[Data section — start]

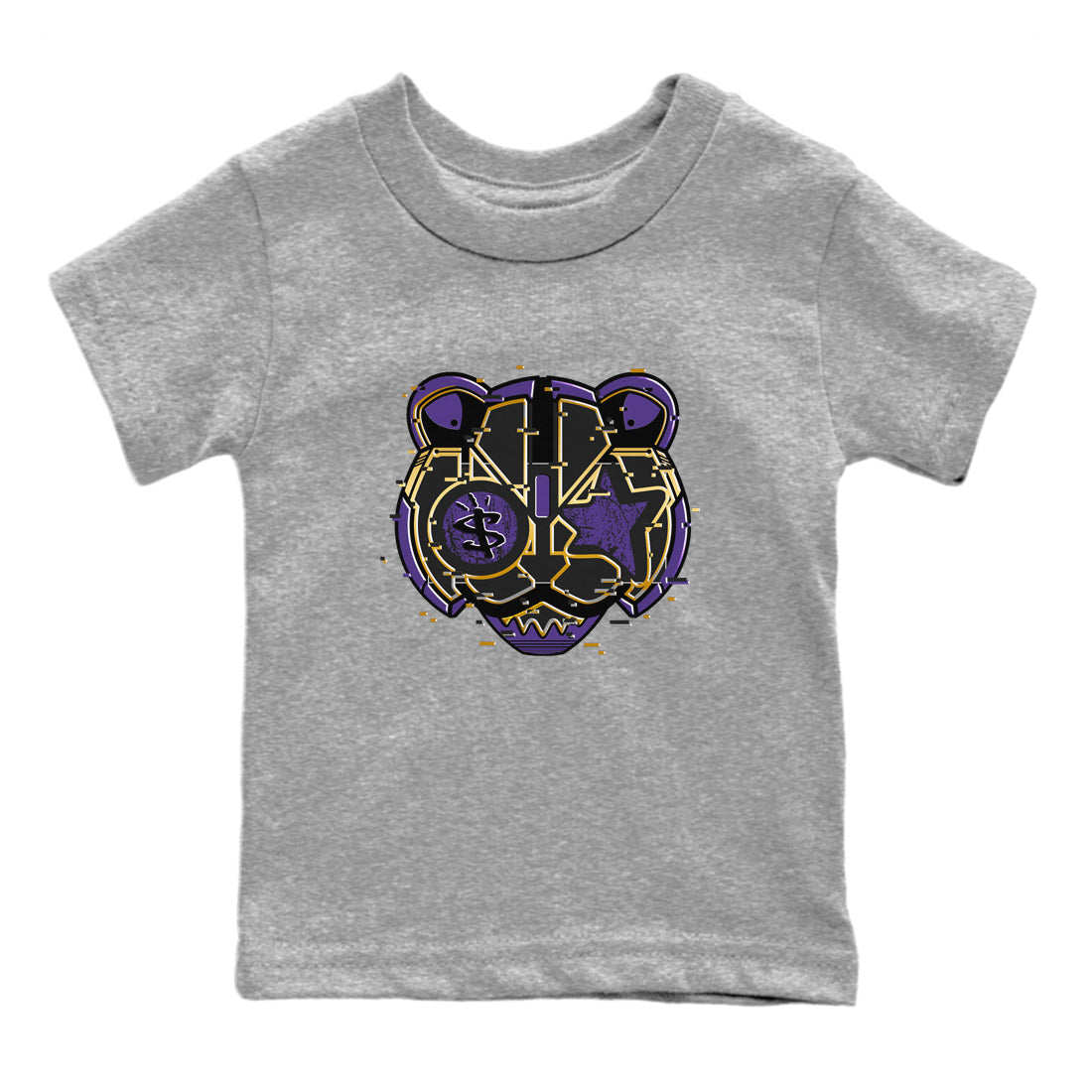 Digital Cat Face Kids Tops - Air Jordan 12 Field Purple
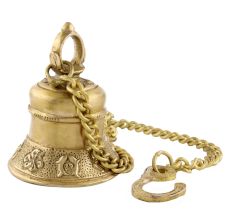 Brass Temple Bell With Long Chain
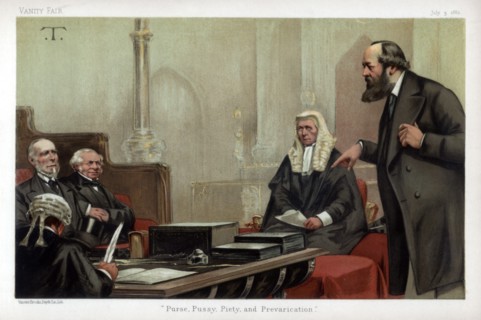 'Purse, Pussy, Piety, and Prevarication', 1882. Artist: Unknown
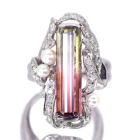�o�C�J���[�g���}���� 7.1ct �x�r�[������^�� �_�C�������h 0.5ct �v���`�i �����O(�w��)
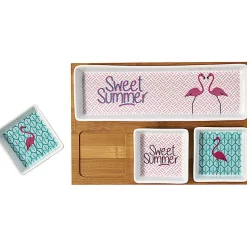 Plateau + 4 coupelles motif flamant rose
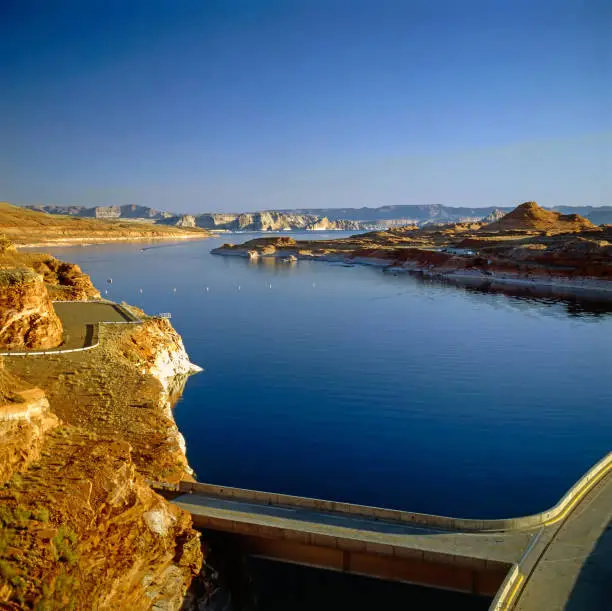 Lake Powell and Glan Dam in  Arizona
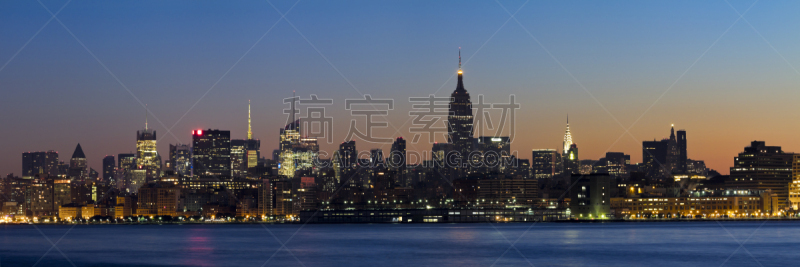 黎明,全景,纽约州,曼哈顿中心,曼哈顿时代广场,哈德逊河,河岸,风景,橙色,建筑结构
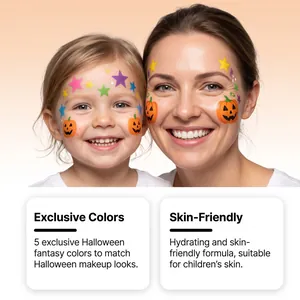 Dettaglio del set di trucco Halloween delicato sulla pelle su modelli madre e bambino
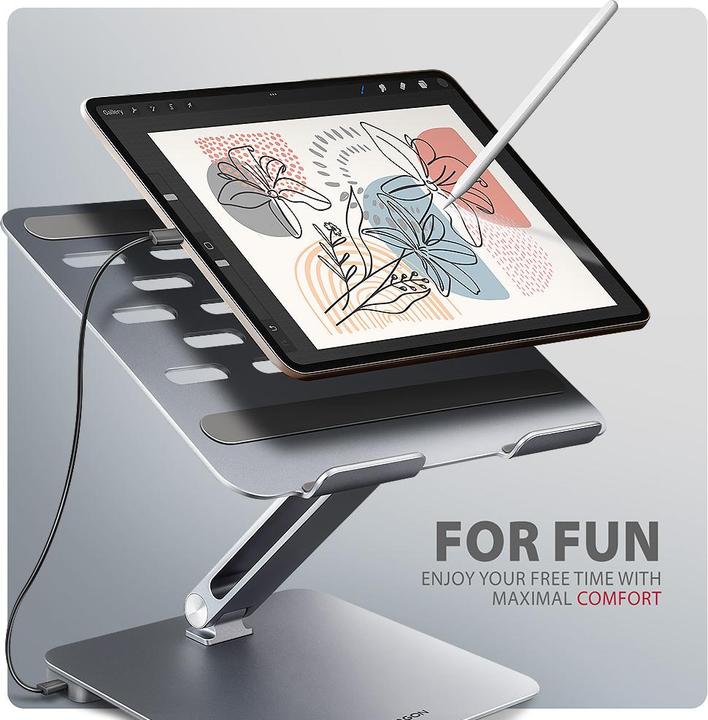 Actual product image Axagon HMC-STND stand for laptops and tablets, USB-C hub - silver (USB-C, 7 Ports)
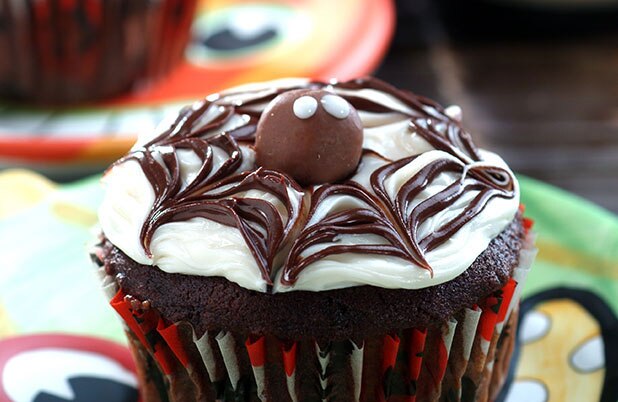 Un cupcake de chocolate con un diseño de telaraña y una araña de pasta de azúcar en la parte superior.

[Data section — finish]

Problem requirements
Restate the records above word for word, without the pictures.

Solution to this task
 Digital Cat Face Kids Tops - Air Jordan 12 Field Purple
 Brass Temple Bell With Long Chain
 'Purse, Pussy, Piety, and Prevarication', 1882. Artist: Unknown
�o�C�J���[�g���}���� 7.1ct �x�r�[������^�� �_�C�������h 0.5ct �v���`�i �����O(�w��)
 Plateau + 4 coupelles motif flamant rose
 Lake Powell and Glan Dam in  Arizona
 黎明,全景,纽约州,曼哈顿中心,曼哈顿时代广场,哈德逊河,河岸,风景,橙色,建筑结构
 Dettaglio del set di trucco Halloween delicato sulla pelle su modelli madre e bambino
 Actual product image Axagon HMC-STND stand for laptops and tablets, USB-C hub - silver (USB-C, 7 Ports)
 Un cupcake de chocolate con un diseño de telaraña y una araña de pasta de azúcar en la parte superior.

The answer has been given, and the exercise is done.